A scattered chorus of shouts broke out from the bubbles behind them. Tense, hand on his gun, Naismith stared around.
What he saw was nothing more frightening than a small bald man in white robes, who had just entered the corridor from a narrow opening ahead. His pale blue eyes stared across at Naismith without expression; then he turned and was gone.
“Now the Zug will certainly come,” Rab muttered. “That was a scout.”
“A man?” Naismith asked incredulously. “There are human beings serving them?”
“I told you,” Rab began, then stopped abruptly. From the opening ahead, something else had emerged into view.
Naismith’s hand slapped his chest instinctively, came up with the cool metal of the gun, even as his mind registered the incongruity of what he was seeing. The thing that was now hurtling toward him with incredible speed, winged, glittering, was no Zug—it was an angel.
Naismith had an impression of blazing eyes, a manlike face of inhuman beauty, powerful arms outstretched.
In that frozen moment, he was aware of the passengers in the bubbles, all facing around, bright-eyed, intent, like spectators at a boxing match. He saw the gnome’s bubble begin to move.
Then his jaws clenched, and the view-disk sprang into being in front of his face. The angel disappeared; in its place was a many-legged monster, red-eyed, clawed and hideous.
“Zug!” shouted the voices around him. Then the beast was upon him.
Naismith fired. A spear of flame shot out of the pistol, blue-bright, twenty feet long. The monster wheeled in mid-air, seemed to vanish.
Naismith whirled desperately, knowing as he brought his gun around that he had no chance. He saw the gnome hanging close behind him in his blue bubble, almost close enough to touch.
There was no time for conscious thought: he simply knew.
The gun fired in his hand: the lance of flame shot out, straight through the gnome’s insubstantial body.
A wailing chorus went up. The gnome, unharmed, whirled to look behind him. Then he began to howl with fury.
Drifting in the air, its huge body still writhing, armored tail lashing, the Zug lay with its massive head cut half from its body, and a trail of violet-red blood streaming from the wound.
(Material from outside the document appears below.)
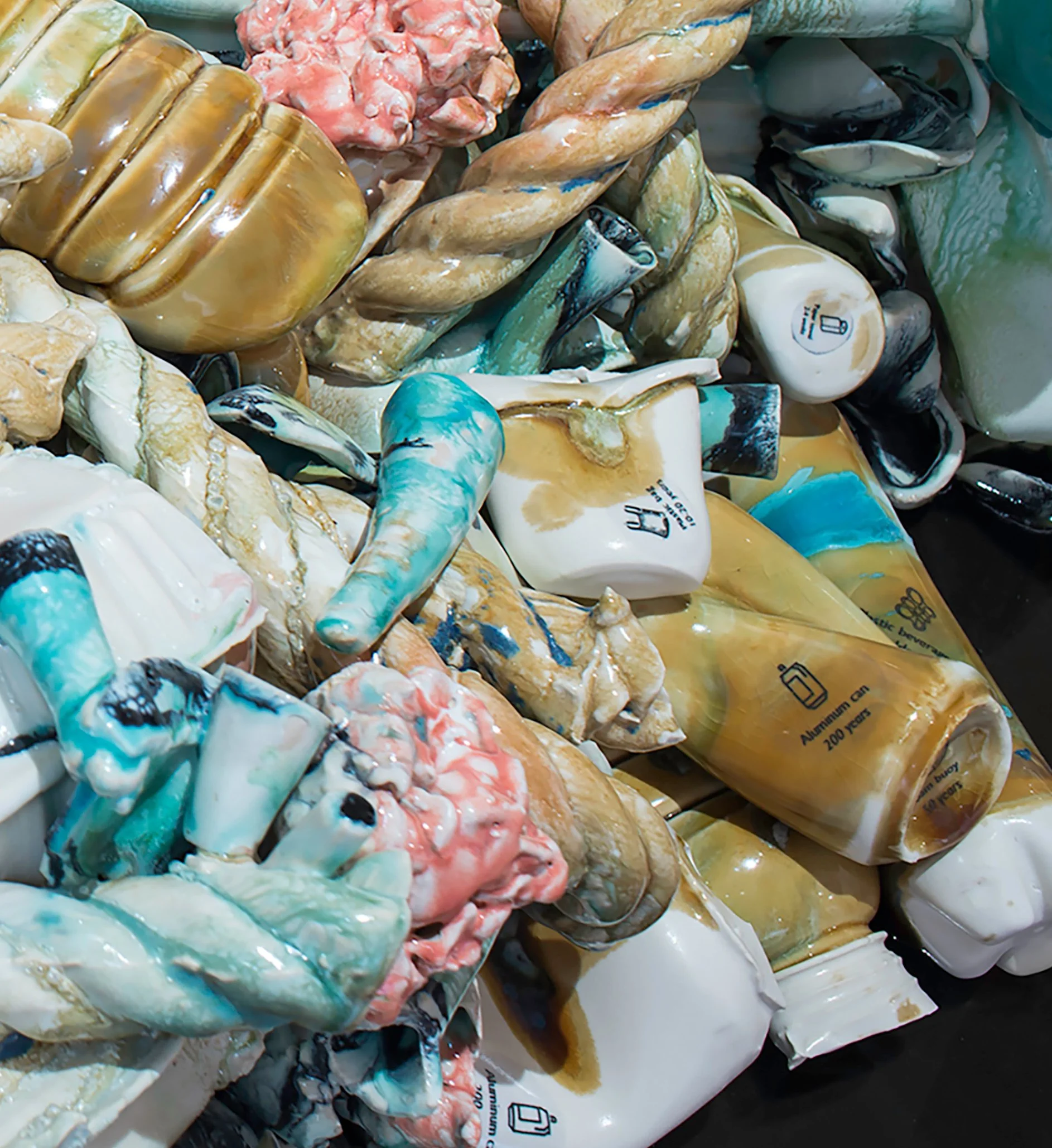 nonBioDetail1_bottles2.jpg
The spectators in their bubbles began to close in, shouting with excitement. Rab and Liss-Yani were hugging each other.
Naismith felt himself begin to tremble. It was over; he was still alive.
“How did you do it?” How did you ever do it?” shouted one of the candy-striped fat men, edging nearer, cheeks shining with pleasure.
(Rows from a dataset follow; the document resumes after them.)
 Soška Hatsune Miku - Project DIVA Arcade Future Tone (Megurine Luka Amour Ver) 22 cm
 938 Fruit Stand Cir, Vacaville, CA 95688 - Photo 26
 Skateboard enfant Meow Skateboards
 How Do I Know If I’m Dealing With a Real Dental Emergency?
“Pendell was too close,” Naismith said with an effort. “He came up behind me, knowing the Zug would use him for cover.” He took a deep breath, and smiled at the gnome.
“Thank you,” he said.
Pendell flinched as if he had been struck; his face writhed.
As laughter burst out around him, he turned and darted away.
The view-disk in front of Naismith’s helmet had winked out again. Curious, he turned to look at the Zug: and where the monster had been a moment before, an angel lay slain.
The pale head, half severed, was noble and beautiful; the eyes stared blindly. The great limbs tensed spasmodically; the sharp tail curled up and then was still.